J120415Y2 2012年5月号(J153)

 長い歴史を持つ飲料メーカー、黒松股份有限公司(HeySong Corporation、以下「黒松」)は相撲の力士「花太郎」を主人公にした緑茶のコマーシャルフィルムを制作して話題を集めたが、台中の川井国際餐飲有限公司(以下「川井国際」)が「花太郎」を先に商標登録したことに対して異議申立を行っていた。異議申立は不成立となり、行政訴願も提出したが却下され、知的財産裁判所に対して行政訴訟を提起していた。しかしながら知的財産裁判所は、力士「花太郎」はCMのキャラクターであり、商標ではないため、黒松の訴えを棄却した。【知的財産裁判所行政判決-100,行商訴,170-20120412】
 黒松は知的財産裁判所に対して以下のように主張した。同社は2009年4月から茶花緑茶と花太郎の商標コンセプトを初めて創作し、多くのユーモラスで魅力的な花太郎のCMフィルムを制作して人気を集め、黒松の茶花緑茶は1年3ヵ月で合計433万ダースを売り上げて、花太郎を演じた俳優の人気も高まった。
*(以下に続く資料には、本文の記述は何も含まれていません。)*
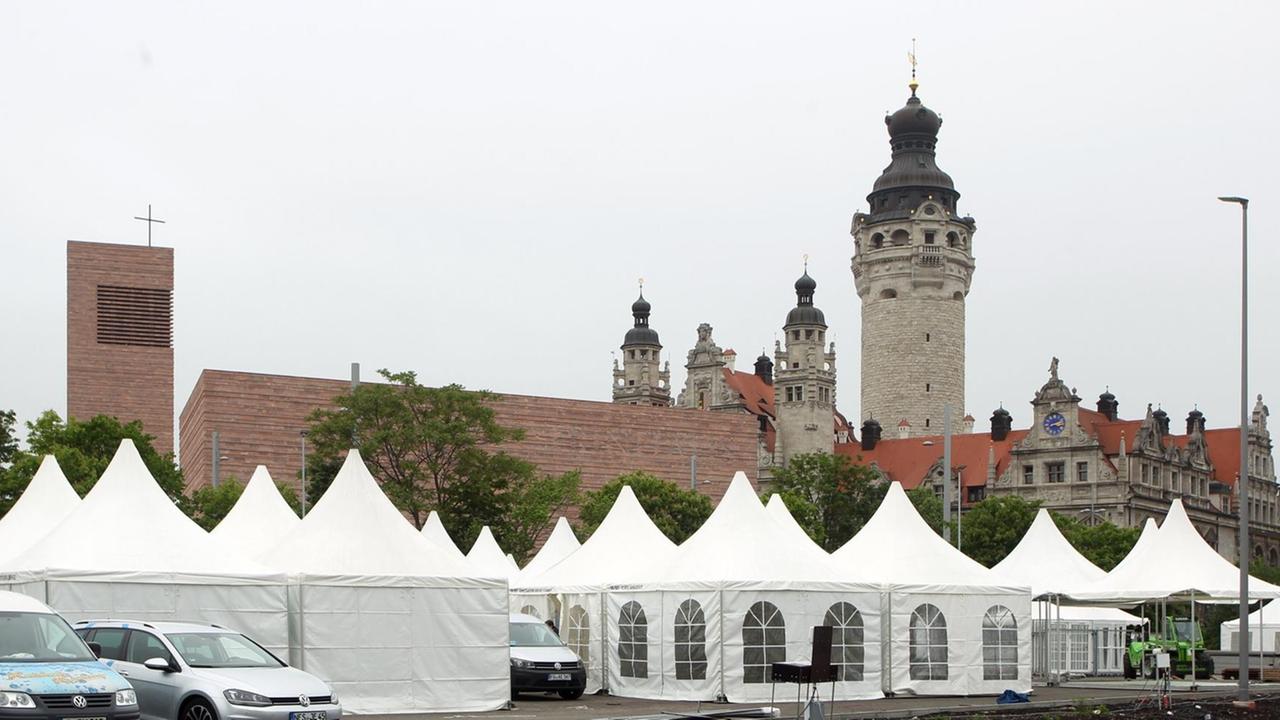 Veranstaltungspavillons stehen für den Katholikentag auf dem Leuschner-Platz in Leipzig. Veranstaltungspavillons stehen für den Katholikentag auf dem Leuschner-Platz in Leipzig.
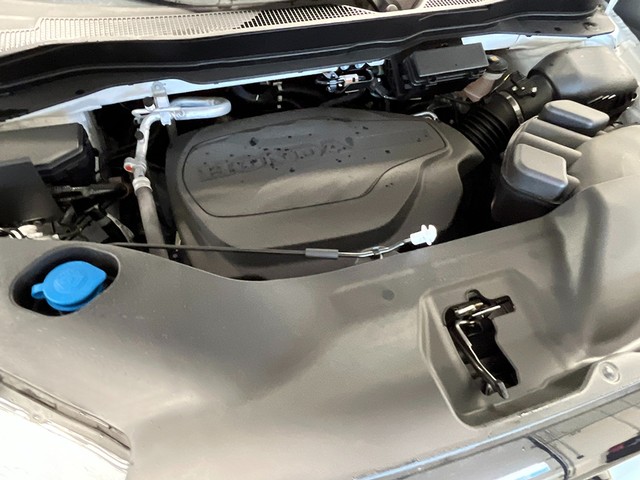 Honda Ridgeline Vehicle Full-screen Gallery Image 11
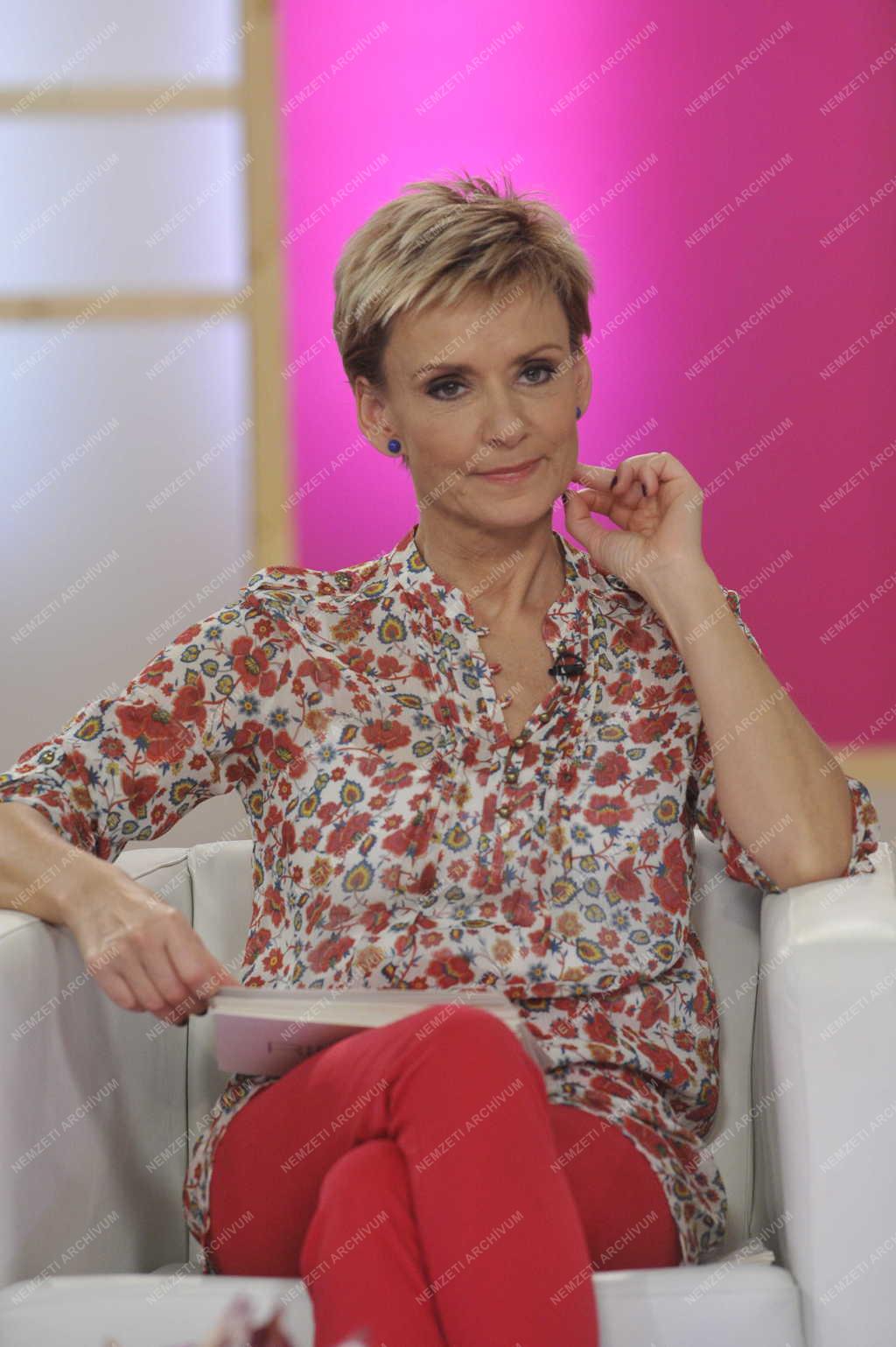 Televízió - Ridikül című női beszélgetős műsor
 しかしながら、台中の川井国際が2009年10月に「花太郎」を商標登録し、同社が経営する日本料理(寿司、刺身)及びレストランの商標とした。さらにネット上で「花太郎不変麻豆,要你変身為美食家(花太郎はモデルにならず、あなたにグルメに変身してもらいたい)」という宣伝コピーを掲載した。広告の内容が花太郎の「你想轉行當model嗎?(モデルに転職したいですか?)」という黒松のCMコンセプトとは同じであり、川井国際は悪意を以って先に商標を登録したため、商標法に抵触している。
 川井国際の「花太郎」商標は黒松よりも遅く使用し始めている。また黒松の販促を通じて、消費者は「花太郎」から黒松の茶花緑茶を連想し、全国的に知名度が高い商標になっているのに対して、川井国際の「花太郎」商標は中部のレストランで使用されるに止まっている。黒松の「花太郎」は識別性が高いため保護を受けるべきである。
 これに対して川井国際側の主張によれば、黒松はまだ「花太郎」の商標登録を出願していない。また花太郎はCMのキャラクターにすぎず、また黒松が創作した商標ではなく、多くの日本のドラマ、映画、漫画で以前から使用されている。同社は黒松が「花太郎」をCMキャラクターに使っていることを知らなかったため、知名度を利用していない。
 裁判官が調査したところ、花太郎は黒松のオリジナルではなく、黒松は花太郎をCMキャラクターとして商品の販促を行ったにすぎない。商品の商標登録は「黒松」であり「花太郎」ではない。花太郎はCMキャラクターの名称であり、商標ではなく、また黒松は川井国際が悪意を以って先に商標を登録したという証拠を提出していないとして、黒松の訴えを棄却した。(2012.04)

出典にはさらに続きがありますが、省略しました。